Ostatnio o tym glosno... Mowi sie, ze Chiny atakuja serwery USA, UK, Niemiec i Francji... inne kraje mozna sie domyslac, stoja w kolejce
Jak donosza rozne zrodla (np. http://www.heise-security.co.uk/news/95826 i podlinkwane strony), Chiny chca zdobyc w przeciagu okreslonego czasu przewage w cyberprzestrzeni na wypadek konfliktu zbrojnego.
Co sadzicie o takim wariancie? Nie pytam czy to Chinczycy na prawde czy nie, chodzi mi o to, co sadzicie potencjalnych mozliwosciach osiagniecia tak postawionego celu. Czy da sie uzyskac globalna dominacje nad siecia w ten sposob jak to opisuja artykuly, ile lat moze to potrwac, jak rozumiecie taka 'przewage w cyberprzestrzeni'?
Od siebie powiem - moze to Chinczycy a moze nie, moze to tylko szum prasowy albo nagonka i szukanie kozla ofiarnego (a Chinczycy sie do tego idealnie nadaja w tym momencie) - sam zastanawiam sie jak daleko moze to zajsc i jakie sa szanse na powodzenie takiej akcji. Pamietajmy, ze jesli Chiny cos takiego by robily, to nie bylyby na pewno same w swoich staraniach - wiecej krajow lub nawet malych organizacji pozarzadowych moze robic to samo...

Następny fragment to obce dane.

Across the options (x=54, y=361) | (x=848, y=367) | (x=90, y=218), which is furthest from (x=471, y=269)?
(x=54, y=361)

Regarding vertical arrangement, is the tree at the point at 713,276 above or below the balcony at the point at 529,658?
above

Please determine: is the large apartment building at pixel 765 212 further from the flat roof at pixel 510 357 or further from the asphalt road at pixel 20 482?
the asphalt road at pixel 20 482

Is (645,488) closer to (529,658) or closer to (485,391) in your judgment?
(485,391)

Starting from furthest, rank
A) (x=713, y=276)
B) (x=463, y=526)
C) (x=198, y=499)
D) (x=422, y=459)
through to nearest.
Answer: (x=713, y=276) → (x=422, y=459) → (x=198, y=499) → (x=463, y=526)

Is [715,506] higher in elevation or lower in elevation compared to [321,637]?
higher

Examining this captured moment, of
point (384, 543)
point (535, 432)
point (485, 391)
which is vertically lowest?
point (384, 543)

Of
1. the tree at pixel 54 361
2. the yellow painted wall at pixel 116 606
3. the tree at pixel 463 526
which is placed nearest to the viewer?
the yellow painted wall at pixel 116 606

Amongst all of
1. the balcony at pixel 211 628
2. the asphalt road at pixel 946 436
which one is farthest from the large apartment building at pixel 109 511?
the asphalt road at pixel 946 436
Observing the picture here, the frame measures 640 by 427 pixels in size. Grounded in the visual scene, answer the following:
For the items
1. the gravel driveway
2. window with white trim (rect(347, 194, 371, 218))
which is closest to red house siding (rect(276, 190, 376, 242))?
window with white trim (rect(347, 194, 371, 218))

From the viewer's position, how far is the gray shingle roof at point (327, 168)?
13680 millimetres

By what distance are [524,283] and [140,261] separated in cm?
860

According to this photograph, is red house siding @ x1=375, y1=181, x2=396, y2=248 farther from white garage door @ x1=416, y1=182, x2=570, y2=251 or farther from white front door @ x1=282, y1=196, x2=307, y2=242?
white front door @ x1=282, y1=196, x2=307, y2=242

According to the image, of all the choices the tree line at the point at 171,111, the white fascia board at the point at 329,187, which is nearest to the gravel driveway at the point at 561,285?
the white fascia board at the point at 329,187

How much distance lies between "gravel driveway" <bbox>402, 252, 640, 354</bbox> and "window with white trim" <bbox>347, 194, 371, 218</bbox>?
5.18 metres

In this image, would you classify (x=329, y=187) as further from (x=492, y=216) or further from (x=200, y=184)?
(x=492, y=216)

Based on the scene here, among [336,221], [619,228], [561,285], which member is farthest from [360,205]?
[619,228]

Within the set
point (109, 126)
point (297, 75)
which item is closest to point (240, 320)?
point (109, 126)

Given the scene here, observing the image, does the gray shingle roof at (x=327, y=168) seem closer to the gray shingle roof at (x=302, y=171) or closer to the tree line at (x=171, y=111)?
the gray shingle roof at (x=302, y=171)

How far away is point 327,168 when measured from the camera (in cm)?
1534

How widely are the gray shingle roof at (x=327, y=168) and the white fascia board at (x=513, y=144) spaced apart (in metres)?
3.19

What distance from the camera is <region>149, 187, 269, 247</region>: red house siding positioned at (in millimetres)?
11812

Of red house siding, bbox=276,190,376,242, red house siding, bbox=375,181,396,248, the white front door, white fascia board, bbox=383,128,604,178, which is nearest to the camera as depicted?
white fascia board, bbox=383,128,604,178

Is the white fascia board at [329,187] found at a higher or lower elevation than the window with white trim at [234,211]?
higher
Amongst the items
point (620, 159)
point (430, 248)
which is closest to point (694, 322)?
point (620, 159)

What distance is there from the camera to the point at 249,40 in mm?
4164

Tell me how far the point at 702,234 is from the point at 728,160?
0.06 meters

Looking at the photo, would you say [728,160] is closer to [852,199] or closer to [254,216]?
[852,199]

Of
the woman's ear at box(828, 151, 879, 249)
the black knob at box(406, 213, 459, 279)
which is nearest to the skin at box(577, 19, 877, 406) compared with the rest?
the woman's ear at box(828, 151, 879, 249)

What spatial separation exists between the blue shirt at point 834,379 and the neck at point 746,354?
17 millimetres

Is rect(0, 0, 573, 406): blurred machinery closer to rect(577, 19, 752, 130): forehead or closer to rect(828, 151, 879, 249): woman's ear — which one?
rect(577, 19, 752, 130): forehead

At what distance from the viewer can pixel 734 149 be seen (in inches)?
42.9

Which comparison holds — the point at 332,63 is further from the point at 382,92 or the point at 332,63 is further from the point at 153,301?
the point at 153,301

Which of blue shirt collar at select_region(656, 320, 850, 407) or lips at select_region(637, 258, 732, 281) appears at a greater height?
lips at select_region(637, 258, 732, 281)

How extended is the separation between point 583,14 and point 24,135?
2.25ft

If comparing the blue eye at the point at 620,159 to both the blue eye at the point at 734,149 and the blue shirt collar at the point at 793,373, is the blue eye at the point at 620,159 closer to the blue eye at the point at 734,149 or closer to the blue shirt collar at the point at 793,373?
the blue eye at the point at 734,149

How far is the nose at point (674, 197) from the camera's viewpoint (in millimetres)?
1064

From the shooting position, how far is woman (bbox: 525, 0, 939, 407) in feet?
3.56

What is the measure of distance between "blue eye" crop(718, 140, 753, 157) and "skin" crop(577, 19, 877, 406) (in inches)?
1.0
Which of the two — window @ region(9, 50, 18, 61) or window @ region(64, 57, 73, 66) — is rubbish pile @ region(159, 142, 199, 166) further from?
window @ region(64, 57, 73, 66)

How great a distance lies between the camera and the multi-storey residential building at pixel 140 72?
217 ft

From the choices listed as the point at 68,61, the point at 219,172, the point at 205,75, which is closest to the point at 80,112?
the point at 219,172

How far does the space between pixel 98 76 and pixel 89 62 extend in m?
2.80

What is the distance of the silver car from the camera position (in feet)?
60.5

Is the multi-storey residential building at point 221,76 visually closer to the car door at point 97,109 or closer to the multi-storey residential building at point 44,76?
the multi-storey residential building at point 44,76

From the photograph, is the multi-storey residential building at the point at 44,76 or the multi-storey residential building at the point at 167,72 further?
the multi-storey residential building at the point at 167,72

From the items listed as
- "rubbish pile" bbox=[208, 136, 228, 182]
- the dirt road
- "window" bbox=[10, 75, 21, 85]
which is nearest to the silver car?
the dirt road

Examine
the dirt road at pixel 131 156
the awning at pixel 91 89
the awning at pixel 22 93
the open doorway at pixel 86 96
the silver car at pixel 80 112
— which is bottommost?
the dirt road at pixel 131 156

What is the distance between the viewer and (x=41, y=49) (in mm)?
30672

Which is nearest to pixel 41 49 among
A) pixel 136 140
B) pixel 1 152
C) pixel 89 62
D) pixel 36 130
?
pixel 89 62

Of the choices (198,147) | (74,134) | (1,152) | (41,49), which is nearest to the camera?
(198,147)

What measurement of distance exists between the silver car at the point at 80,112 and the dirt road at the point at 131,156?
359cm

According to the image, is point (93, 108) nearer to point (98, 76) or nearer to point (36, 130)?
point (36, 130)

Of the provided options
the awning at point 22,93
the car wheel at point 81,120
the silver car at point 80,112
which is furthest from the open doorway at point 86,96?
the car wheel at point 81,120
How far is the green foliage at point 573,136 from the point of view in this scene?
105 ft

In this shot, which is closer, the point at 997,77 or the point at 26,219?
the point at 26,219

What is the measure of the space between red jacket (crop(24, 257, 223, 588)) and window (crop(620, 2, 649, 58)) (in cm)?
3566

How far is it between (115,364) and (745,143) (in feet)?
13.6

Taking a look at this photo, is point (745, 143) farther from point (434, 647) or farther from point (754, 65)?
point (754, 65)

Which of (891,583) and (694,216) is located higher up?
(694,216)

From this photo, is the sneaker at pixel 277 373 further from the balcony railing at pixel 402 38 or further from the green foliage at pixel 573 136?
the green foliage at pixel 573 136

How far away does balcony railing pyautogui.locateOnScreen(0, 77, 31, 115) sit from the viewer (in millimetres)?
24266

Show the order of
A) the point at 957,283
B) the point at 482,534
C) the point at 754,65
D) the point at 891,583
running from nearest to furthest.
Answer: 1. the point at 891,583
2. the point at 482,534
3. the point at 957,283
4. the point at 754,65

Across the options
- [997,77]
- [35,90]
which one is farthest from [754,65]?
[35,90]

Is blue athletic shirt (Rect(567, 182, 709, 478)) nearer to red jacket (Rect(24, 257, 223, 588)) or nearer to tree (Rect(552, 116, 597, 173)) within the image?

Rozne modele matematyczne wskazuja ze globalna dominacja nad siecia jest mozliwa... a czas jaki jest na to potrzebny jest tak krotki, ze strach sie bac!
Czy sadzicie, ze dojdzie do takiej sytuacji, ze dla wlasnego bezpieczenstwa wylaczymy internet (w sensie globalnym)?